At its core, serverless can be considered “service-full” computing, a trend that’s been around for a while. Instead of running your own Redis cluster, you use a managed cache service. Instead of running a database server on VMs, you use a database service. Serverless simply pushes this notion further: rather than keep a container active when it’s not processing requests, use a managed functions-as-a-service platform such as AWS Lambda, Azure Functions, or Google Cloud Functions.
This trend creates an architectural shift: strangely, your application becomes simultaneously simpler and more complex. Simplicity comes from managed services, which allow you to focus on your business problem instead of infrastructure. Complexity comes from the extra moving parts once you’re juggling dozens of services and hundreds of individual components. While managed services simplify your application, you must now control and understand each of them.
There are a growing number of tools that aim to wrangle this complexity. Of course, we’ve now traded one problem for another: determining which tools are best for your project, application, or organization—or if you even need a tool at all.
Tooling is necessary for serverless and service-full applications. Donna Malayeri shares a decision framework for choosing infrastructure deployment tools, based on whether you need flexibility and control or simplicity and ease-of-use. You’ll learn how to evaluate several popular cloud automation tools, including AWS SAM, Terraform, Chalice, Serverless Framework, Apex/Up, Claudia, kubeless, and Pulumi. Each of these tools offers something unique and is designed for particular problem spaces. There’s no one-size-fits-all answer, and sometimes you’re better off with no tool at all.

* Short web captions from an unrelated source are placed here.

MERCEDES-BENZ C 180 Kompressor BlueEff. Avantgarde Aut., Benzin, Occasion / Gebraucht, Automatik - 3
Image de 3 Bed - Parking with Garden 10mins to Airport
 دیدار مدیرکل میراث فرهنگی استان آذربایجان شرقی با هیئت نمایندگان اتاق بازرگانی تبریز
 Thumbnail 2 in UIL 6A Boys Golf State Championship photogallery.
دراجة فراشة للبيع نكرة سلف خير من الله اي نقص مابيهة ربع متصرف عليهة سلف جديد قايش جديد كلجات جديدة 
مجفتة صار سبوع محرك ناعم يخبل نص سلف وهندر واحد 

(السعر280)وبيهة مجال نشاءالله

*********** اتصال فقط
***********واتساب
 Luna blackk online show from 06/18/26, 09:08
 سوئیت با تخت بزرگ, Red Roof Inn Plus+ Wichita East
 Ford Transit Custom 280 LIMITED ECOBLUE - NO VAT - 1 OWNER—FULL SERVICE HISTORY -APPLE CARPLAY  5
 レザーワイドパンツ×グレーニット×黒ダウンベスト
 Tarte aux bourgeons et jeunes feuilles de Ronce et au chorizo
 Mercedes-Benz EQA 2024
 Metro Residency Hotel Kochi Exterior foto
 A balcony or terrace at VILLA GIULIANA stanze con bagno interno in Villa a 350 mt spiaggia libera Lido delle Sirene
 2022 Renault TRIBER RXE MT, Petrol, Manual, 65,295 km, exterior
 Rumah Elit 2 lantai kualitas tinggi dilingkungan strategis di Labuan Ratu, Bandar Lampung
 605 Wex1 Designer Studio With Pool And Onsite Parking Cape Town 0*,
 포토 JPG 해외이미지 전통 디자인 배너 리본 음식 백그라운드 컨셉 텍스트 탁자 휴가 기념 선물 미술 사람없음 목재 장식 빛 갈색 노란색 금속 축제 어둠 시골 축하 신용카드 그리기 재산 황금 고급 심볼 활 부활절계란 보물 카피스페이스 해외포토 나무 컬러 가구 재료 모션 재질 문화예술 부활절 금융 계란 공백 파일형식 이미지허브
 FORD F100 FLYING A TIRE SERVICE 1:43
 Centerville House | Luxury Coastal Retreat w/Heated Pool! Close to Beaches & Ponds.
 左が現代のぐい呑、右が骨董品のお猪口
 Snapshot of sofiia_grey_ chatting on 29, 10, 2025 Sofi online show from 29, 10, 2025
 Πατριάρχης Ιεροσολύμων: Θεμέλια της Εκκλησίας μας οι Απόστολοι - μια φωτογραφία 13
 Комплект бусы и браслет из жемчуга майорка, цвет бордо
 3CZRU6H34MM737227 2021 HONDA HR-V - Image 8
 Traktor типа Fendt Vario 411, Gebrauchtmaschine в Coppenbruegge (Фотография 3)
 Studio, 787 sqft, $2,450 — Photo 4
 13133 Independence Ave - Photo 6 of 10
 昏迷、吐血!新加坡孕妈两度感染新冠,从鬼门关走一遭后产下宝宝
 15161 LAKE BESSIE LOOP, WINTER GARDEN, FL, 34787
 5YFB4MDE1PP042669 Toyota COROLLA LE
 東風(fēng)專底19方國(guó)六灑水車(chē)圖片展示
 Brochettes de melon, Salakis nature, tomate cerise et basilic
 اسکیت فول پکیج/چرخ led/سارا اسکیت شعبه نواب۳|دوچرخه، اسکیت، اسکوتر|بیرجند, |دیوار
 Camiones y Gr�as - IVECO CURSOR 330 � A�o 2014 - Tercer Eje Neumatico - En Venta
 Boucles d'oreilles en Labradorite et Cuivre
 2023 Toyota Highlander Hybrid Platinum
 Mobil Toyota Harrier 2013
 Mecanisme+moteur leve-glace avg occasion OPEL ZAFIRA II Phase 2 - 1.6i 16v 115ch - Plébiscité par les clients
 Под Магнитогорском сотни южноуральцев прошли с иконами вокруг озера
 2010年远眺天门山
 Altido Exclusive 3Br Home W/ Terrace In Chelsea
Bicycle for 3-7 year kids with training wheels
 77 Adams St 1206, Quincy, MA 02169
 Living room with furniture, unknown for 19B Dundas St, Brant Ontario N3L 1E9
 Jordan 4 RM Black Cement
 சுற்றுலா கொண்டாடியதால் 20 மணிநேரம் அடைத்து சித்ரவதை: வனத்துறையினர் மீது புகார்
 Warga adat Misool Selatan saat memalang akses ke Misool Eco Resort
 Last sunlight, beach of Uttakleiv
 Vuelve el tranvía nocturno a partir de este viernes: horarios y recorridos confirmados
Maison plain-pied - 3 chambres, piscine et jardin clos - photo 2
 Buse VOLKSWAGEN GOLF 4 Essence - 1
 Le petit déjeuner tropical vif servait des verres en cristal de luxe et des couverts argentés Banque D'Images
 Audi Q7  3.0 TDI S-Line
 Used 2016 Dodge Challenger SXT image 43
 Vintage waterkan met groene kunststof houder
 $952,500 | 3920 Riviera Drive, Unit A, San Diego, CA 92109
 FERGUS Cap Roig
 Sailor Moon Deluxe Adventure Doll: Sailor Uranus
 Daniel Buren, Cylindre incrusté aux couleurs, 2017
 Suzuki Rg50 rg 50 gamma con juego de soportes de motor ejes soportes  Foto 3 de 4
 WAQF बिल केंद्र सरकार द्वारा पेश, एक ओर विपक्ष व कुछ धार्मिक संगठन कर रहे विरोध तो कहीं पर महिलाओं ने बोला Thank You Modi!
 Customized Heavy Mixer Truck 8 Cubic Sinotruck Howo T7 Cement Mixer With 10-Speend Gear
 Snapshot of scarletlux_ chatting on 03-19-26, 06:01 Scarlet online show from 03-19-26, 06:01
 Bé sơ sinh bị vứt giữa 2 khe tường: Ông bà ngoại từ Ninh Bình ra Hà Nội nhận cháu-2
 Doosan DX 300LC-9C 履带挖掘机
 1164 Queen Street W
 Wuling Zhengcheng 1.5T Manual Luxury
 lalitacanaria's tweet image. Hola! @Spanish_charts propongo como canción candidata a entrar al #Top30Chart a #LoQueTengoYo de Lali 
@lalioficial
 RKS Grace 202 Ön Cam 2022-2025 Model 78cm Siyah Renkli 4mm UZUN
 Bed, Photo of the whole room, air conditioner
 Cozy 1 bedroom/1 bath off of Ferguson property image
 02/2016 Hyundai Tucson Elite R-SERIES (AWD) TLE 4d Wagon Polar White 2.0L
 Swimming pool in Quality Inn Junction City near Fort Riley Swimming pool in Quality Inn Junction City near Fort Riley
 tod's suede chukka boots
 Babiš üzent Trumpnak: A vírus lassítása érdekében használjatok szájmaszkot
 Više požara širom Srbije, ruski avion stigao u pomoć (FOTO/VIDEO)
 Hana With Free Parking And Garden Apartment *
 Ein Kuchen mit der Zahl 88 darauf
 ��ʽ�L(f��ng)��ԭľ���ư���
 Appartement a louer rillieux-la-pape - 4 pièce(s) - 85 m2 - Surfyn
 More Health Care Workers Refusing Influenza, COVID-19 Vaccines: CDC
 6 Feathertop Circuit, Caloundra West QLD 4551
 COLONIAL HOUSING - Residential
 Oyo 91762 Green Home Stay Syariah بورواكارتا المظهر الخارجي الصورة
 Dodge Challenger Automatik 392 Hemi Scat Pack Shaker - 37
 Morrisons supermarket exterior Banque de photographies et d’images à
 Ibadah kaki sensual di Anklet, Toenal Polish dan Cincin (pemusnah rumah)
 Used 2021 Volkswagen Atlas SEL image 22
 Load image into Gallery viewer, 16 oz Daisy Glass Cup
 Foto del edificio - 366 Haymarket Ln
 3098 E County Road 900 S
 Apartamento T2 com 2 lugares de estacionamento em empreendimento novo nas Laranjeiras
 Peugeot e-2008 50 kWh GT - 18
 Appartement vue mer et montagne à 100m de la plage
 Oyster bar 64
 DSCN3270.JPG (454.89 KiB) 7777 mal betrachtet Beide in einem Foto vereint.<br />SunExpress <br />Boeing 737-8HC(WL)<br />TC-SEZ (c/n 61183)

Donna Malayeri is a product and community manager at Pulumi, where she is responsible for the company’s core open source project. Previously, she was a product manager on the Azure Functions team at Microsoft, guiding the developer experience from its beta through the first year of general availability. She is passionate about creating products that developers love and previously worked on programming languages such as F# and Scala. In a past life, she was an academic but now vastly prefers the experience of shipping software.